**Dataset excerpt:**
--------------------

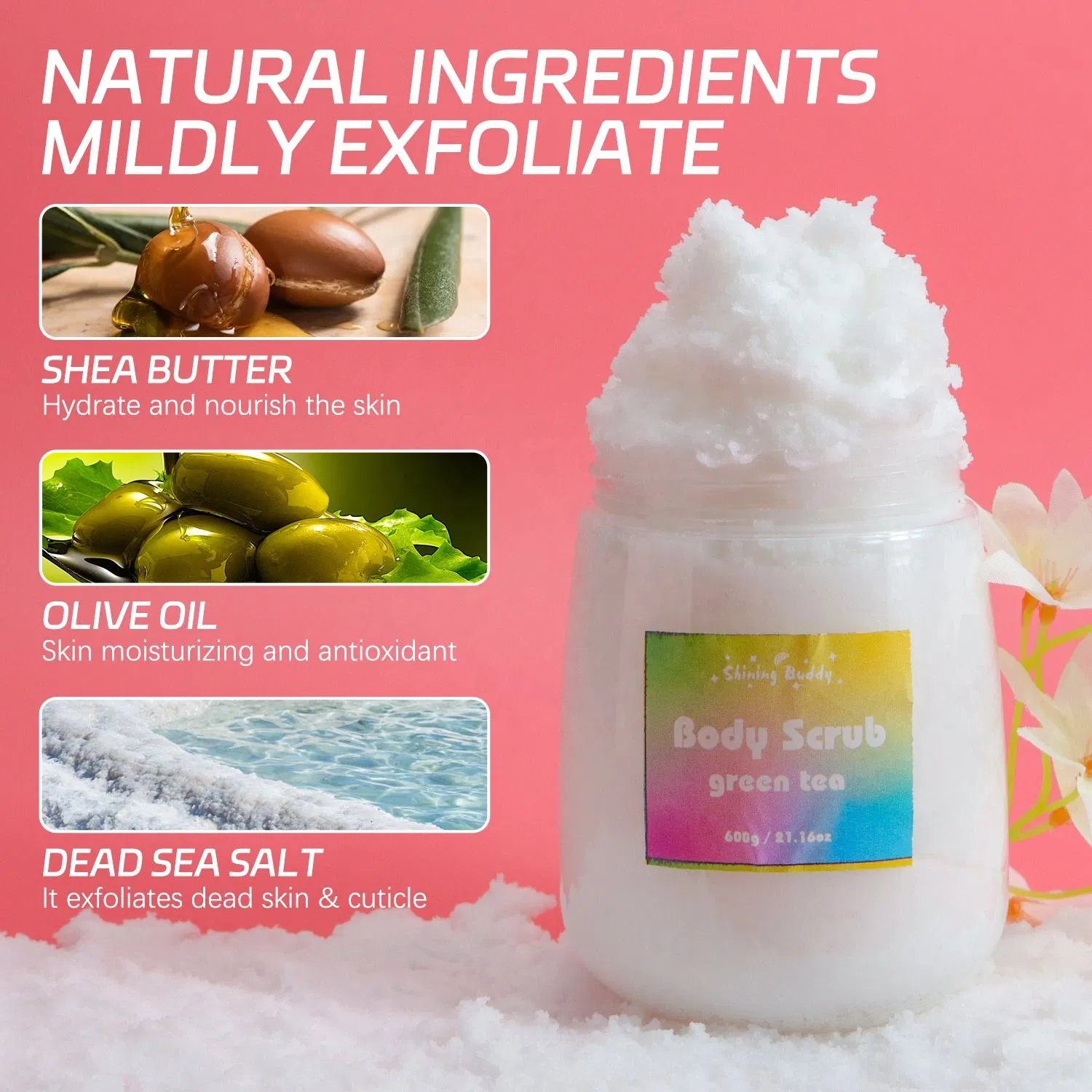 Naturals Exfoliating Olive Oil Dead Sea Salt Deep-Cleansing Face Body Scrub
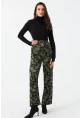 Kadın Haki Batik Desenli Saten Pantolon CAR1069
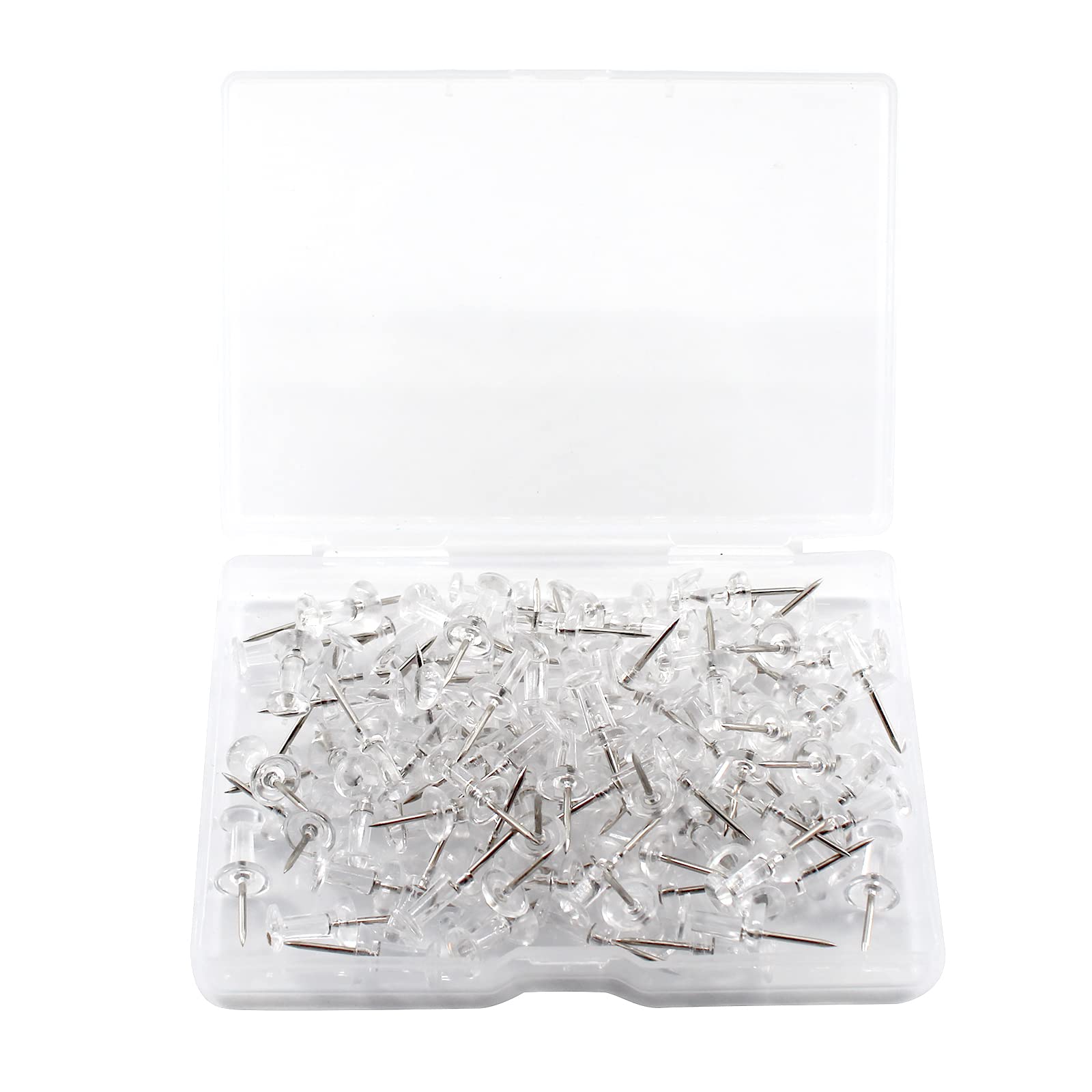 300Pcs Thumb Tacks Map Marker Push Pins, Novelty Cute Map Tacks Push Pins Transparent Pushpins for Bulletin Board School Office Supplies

--------------------

**Assignment:** Write out the whole listing above exactly; do not include the pictures.

**Exercise answer:**
 Naturals Exfoliating Olive Oil Dead Sea Salt Deep-Cleansing Face Body Scrub
 Kadın Haki Batik Desenli Saten Pantolon CAR1069
 300Pcs Thumb Tacks Map Marker Push Pins, Novelty Cute Map Tacks Push Pins Transparent Pushpins for Bulletin Board School Office Supplies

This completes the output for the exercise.